# 第7回講義 宿題

## 課題
RNNを用いてIMDbのsentiment analysisを実装してみましょう。

ネットワークの形などは特に制限を設けませんし、今回のLessonで扱った内容以外の工夫も組み込んでもらって構いません。

## 目標値
F値：0.9

## ルール
- 以下のセルで指定されている`x_train, t_train`以外の学習データは使わないでください。

## 提出方法
- 2つのファイルを提出していただきます。
  1. テストデータ (x_test) に対する予測ラベルを`submission_pred.csv`として保存し、Homeworkタブから**chap07**を選択して提出してください。
  2. それに対応するpythonのコードを`submission_code.py`として保存し、Homeworkタブから**chap07 (code)**を選択して提出してください。
    - セルに書いたコードを.py形式で保存するためには%%writefileコマンドなどを利用してください。
    - writefileコマンドではファイルの保存のみが行われセル内のpythonコード自体は実行されません。そのため、実際にコードを走らせる際にはwritefileコマンドをコメントアウトしてください


- コードの内容を変更した場合は、1と2の両方を提出し直してください。

- なお、採点は1で行い、2はコードの確認用として利用します。(成績優秀者はコード内容を公開させていただくかもしれません。)

- **宿題の締め切りは【出題週の翌週水曜日24時】です。**

## 評価方法

- 予測ラベルの（`t_test`に対する）F値で評価します。
- 毎日24時にテストデータの一部に対するF値でLeader Boardを更新します。
- 締切日の夜24時にテストデータ全体に対するF値でLeader Boardを更新します。

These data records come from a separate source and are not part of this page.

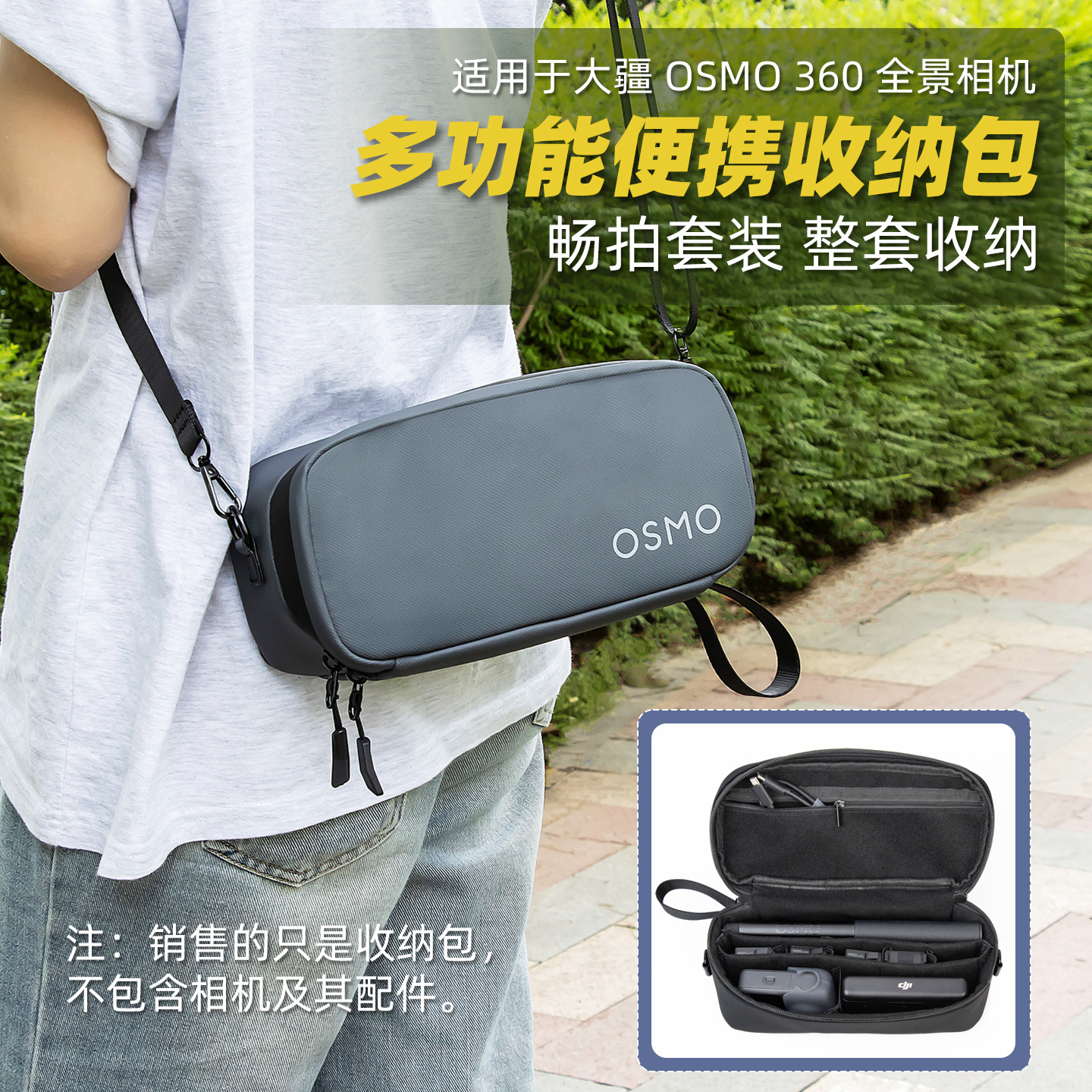 Dji Osmo 360 Panoramic Action Camera Free Shooting Set Storage Bag Eva Portable Crossbody Storage Bag Shockproof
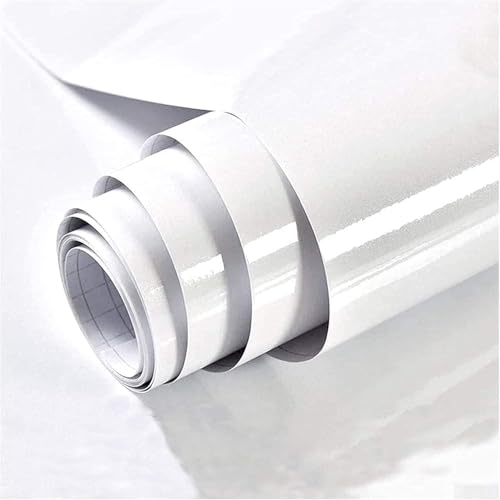 White Contact Paper Glossy Shiny Peel and Stick Wallpaper for Countertops - color: White, size: 23.6" x 216.5"
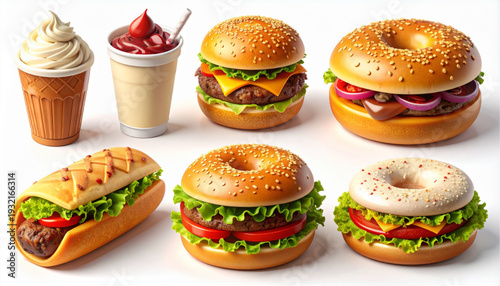 A variety of creative burgers paired with a refreshing drink and fries isolated on transparent background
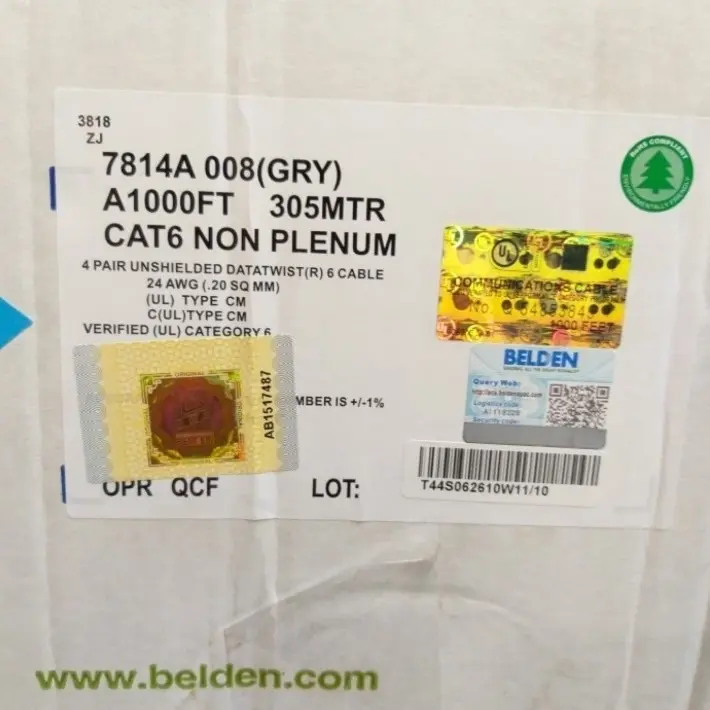 KABEL LAN UTP cat 6 / cat6 BELDEN made in USA meteran / eceran 4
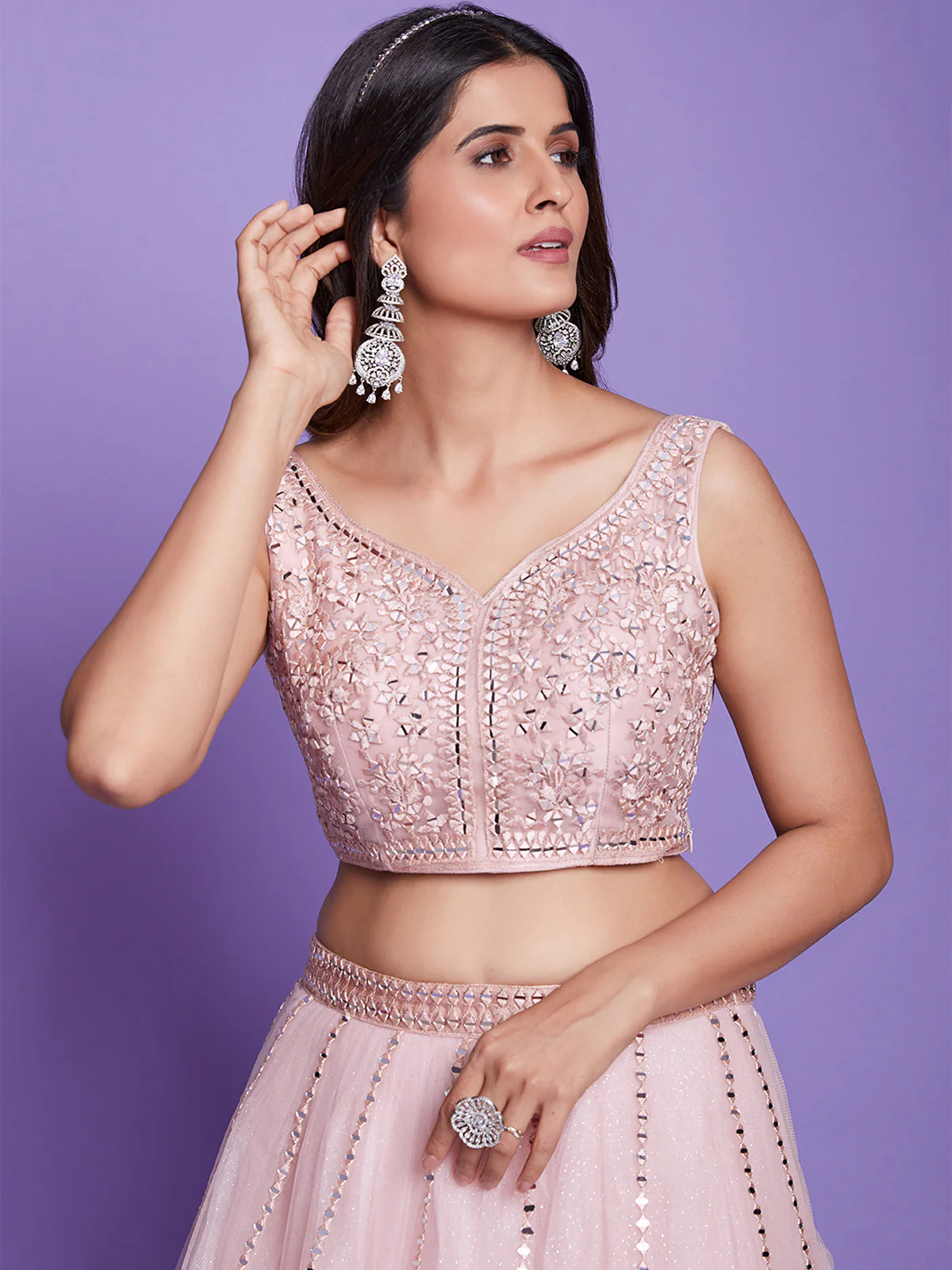 Odette Women Peach Net Stitched Lehenga Choli - Image 4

これを最終的な評価とします。

## データの読み込み（このセルは修正しないでください）

In [3]:
import numpy as np

def load_dataset():
    # 学習データ
    x_train = np.load('/root/userspace/public/chap07/data/x_train.npy')
    t_train = np.load('/root/userspace/public/chap07/data/t_train.npy')
    
    # テストデータ
    x_test = np.load('/root/userspace/public/chap07/data/x_test.npy')

    return (x_train, x_test, t_train)

x_train, x_test, t_train = load_dataset()

## 実装

In [25]:
y_pred = []
t_valid = []

In [4]:
#%%writefile /root/userspace/chap07/materials/submission_code.py
import tensorflow as tf
from sklearn.model_selection import train_test_split
from sklearn.metrics import f1_score
from keras.preprocessing.sequence import pad_sequences

"""
# trainデータを長さ順にソート
x_train_lens = [len(com) for com in x_train]
sorted_train_indexes = sorted(range(len(x_train_lens)), key=lambda x: -x_train_lens[x])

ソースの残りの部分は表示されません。